Source data.
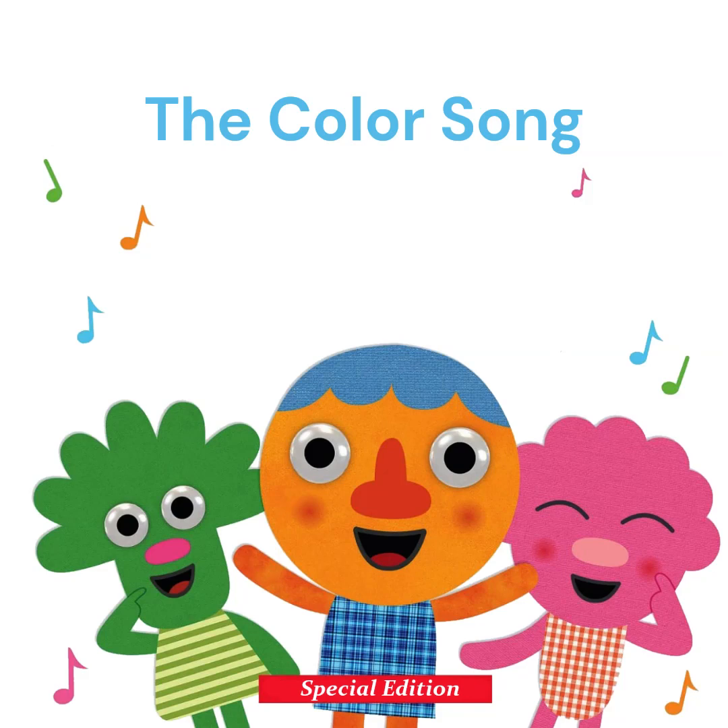Red, green, yellow, orange, blue. Black, white, brown, pink, purple too.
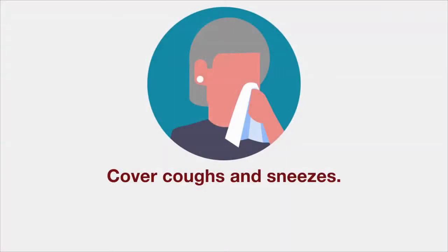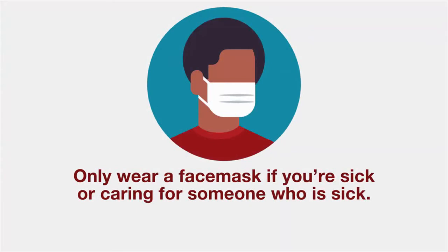Cover coughs and sneezes with a tissue or the inside of your elbow. Only wear a face mask if you're sick and around other people, or if you need to take care of someone who is sick.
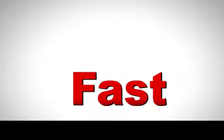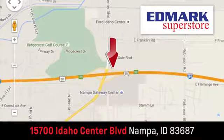Fast, fair, and fun. Give us a call or stop by. We're conveniently located in the Idaho Center Auto Mall.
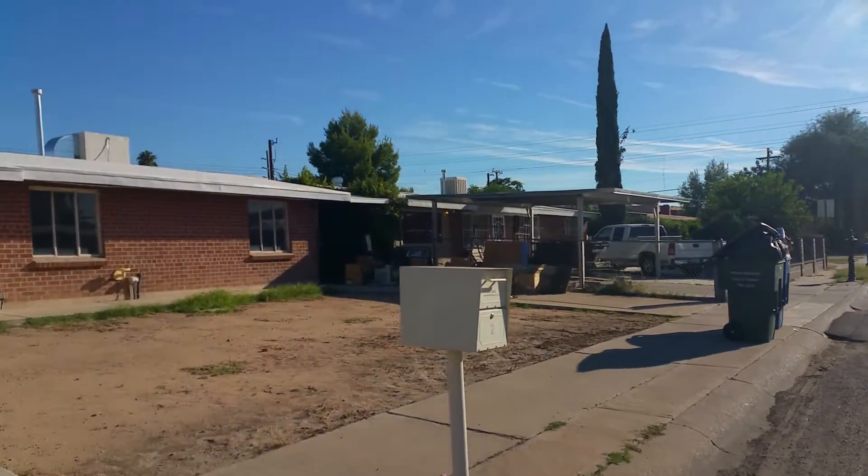I'm actually going to step inside here so you can take a look at the master bath, which has also been nicely updated with the shower.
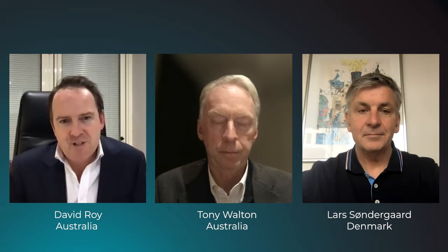So Tony, I believe you're going to tell us a little about the new TAVI offering from Abbott Vascular, which is the Navator device. Thank you David. It's a real privilege to be here talking today amongst my very good colleagues and friends. My task is to review the Navator system design and features.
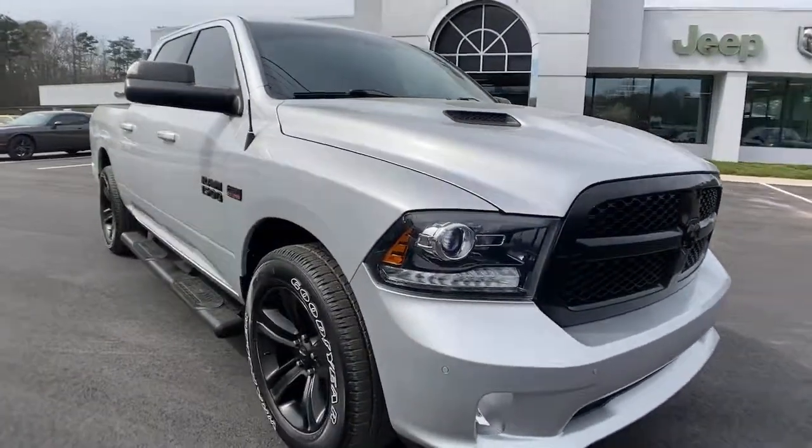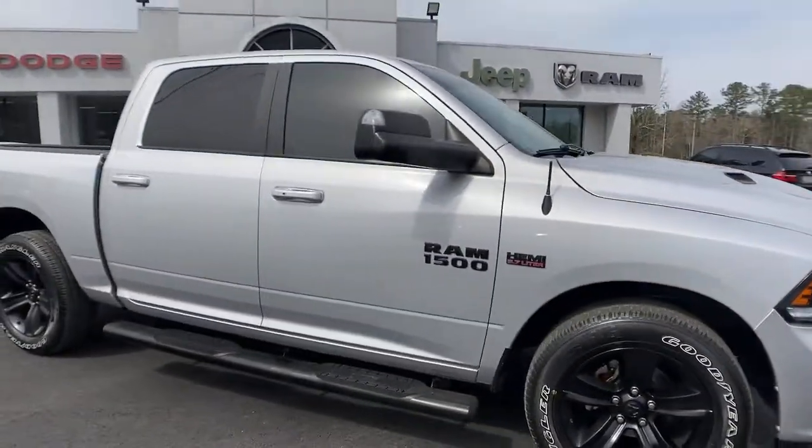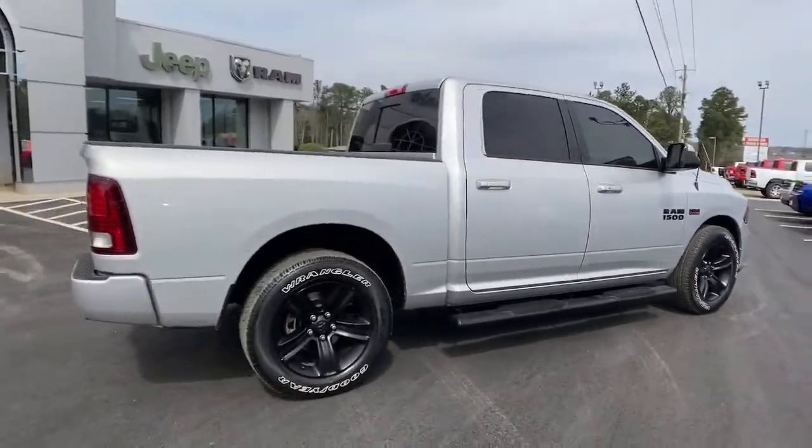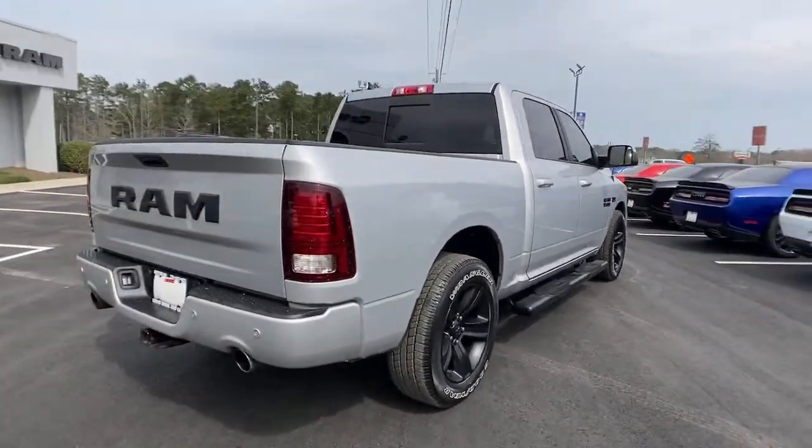The Dodge Ram 1500, the passenger-friendly pickup with gritty capability, a comfortable ride, and surprising fuel efficiency. These are just some of the great options this vehicle comes with.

Task brief. Exclude all images, then retype the records above without alteration.

Answer.
Red, green, yellow, orange, blue. Black, white, brown, pink, purple too.
Cover coughs and sneezes with a tissue or the inside of your elbow. Only wear a face mask if you're sick and around other people, or if you need to take care of someone who is sick.
Fast, fair, and fun. Give us a call or stop by. We're conveniently located in the Idaho Center Auto Mall.
I'm actually going to step inside here so you can take a look at the master bath, which has also been nicely updated with the shower.
So Tony, I believe you're going to tell us a little about the new TAVI offering from Abbott Vascular, which is the Navator device. Thank you David. It's a real privilege to be here talking today amongst my very good colleagues and friends. My task is to review the Navator system design and features.
The Dodge Ram 1500, the passenger-friendly pickup with gritty capability, a comfortable ride, and surprising fuel efficiency. These are just some of the great options this vehicle comes with.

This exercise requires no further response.